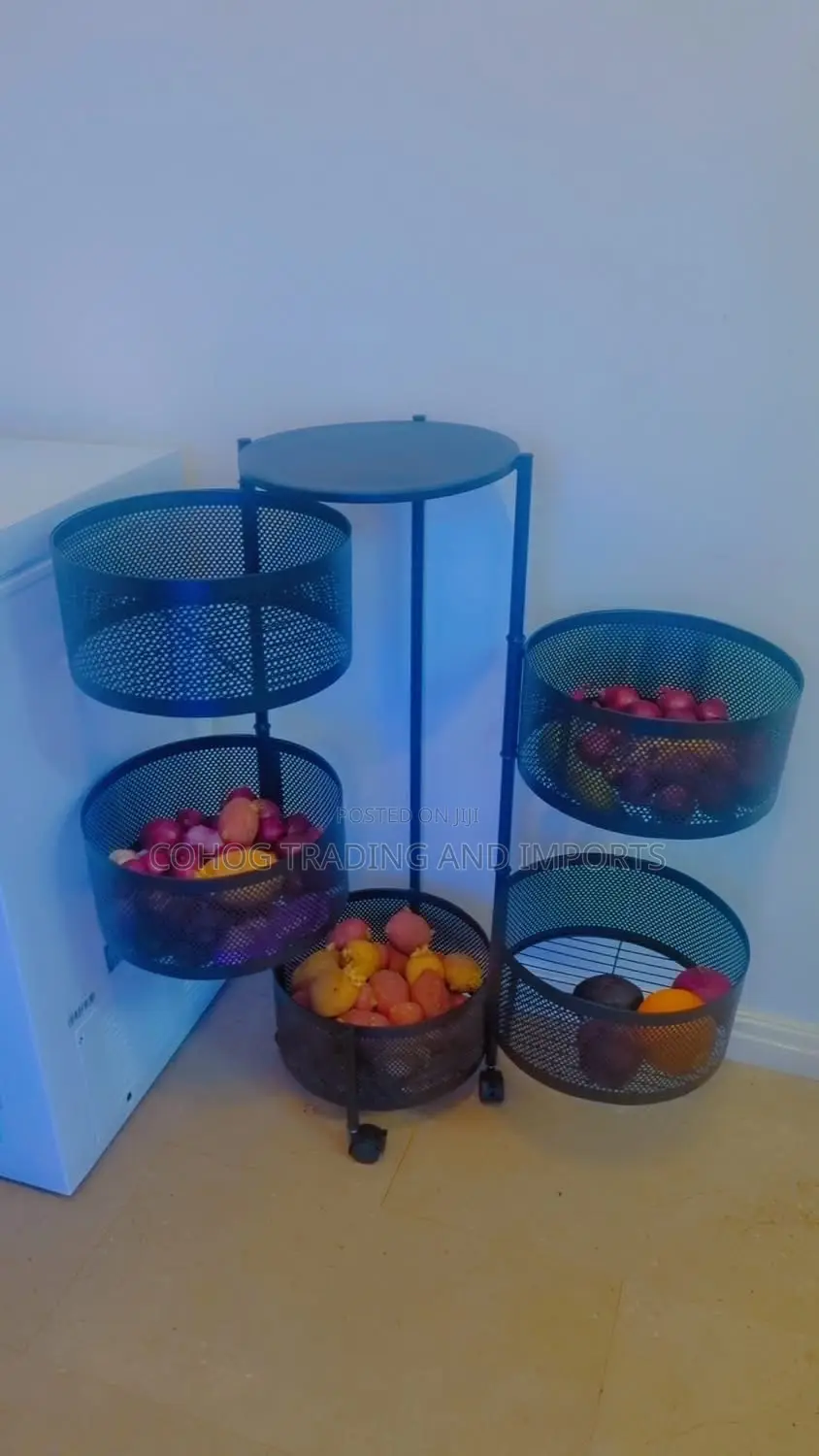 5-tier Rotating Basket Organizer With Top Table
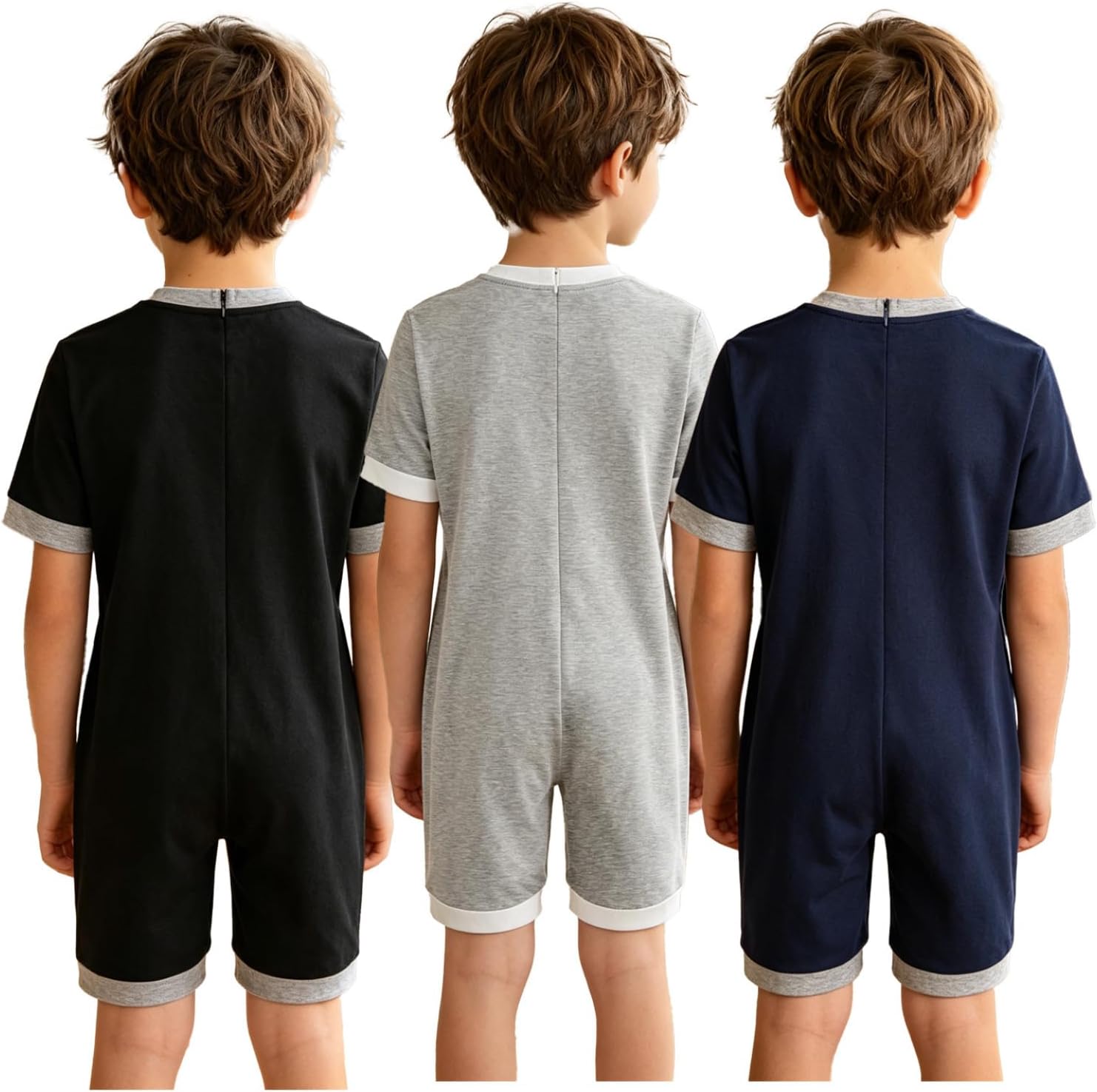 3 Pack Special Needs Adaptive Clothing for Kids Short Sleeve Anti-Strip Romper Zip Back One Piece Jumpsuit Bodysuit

==

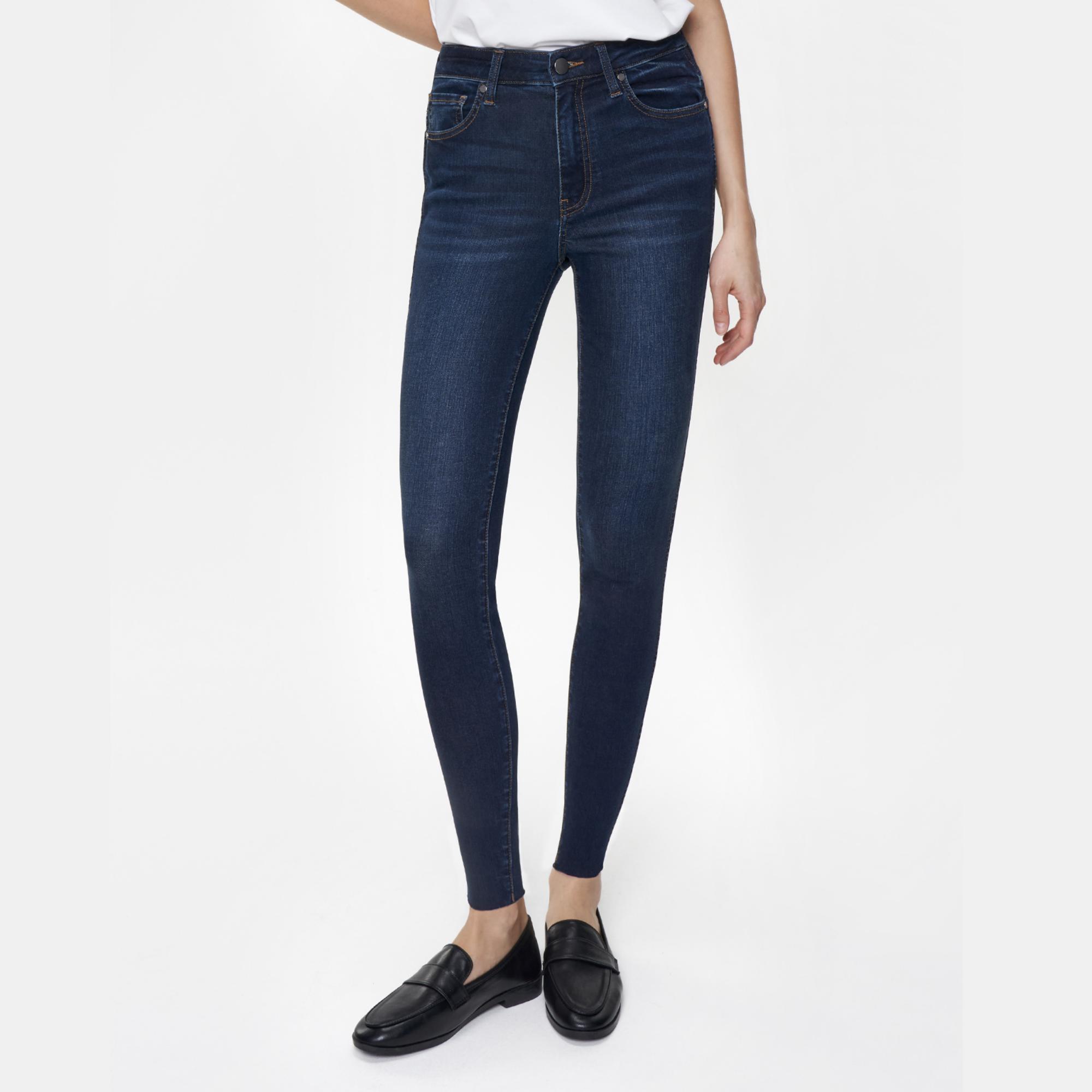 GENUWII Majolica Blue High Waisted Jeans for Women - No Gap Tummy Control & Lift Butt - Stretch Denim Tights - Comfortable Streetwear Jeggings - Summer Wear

* * *

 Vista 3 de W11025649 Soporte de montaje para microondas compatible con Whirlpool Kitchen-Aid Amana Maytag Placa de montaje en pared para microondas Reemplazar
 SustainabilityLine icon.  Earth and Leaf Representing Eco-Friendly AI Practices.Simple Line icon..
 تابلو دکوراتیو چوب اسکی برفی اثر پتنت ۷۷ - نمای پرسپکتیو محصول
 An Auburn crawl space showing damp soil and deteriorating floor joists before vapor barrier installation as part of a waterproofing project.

WHAT IS BEING ASKED: The entries above hold a line with "تابلو دکوراتیو چوب" and a later line with "An Auburn crawl". Write out exactly those lines and all lines between, nothing more.

OUTPUT FOR THIS TASK:
 تابلو دکوراتیو چوب اسکی برفی اثر پتنت ۷۷ - نمای پرسپکتیو محصول
 An Auburn crawl space showing damp soil and deteriorating floor joists before vapor barrier installation as part of a waterproofing project.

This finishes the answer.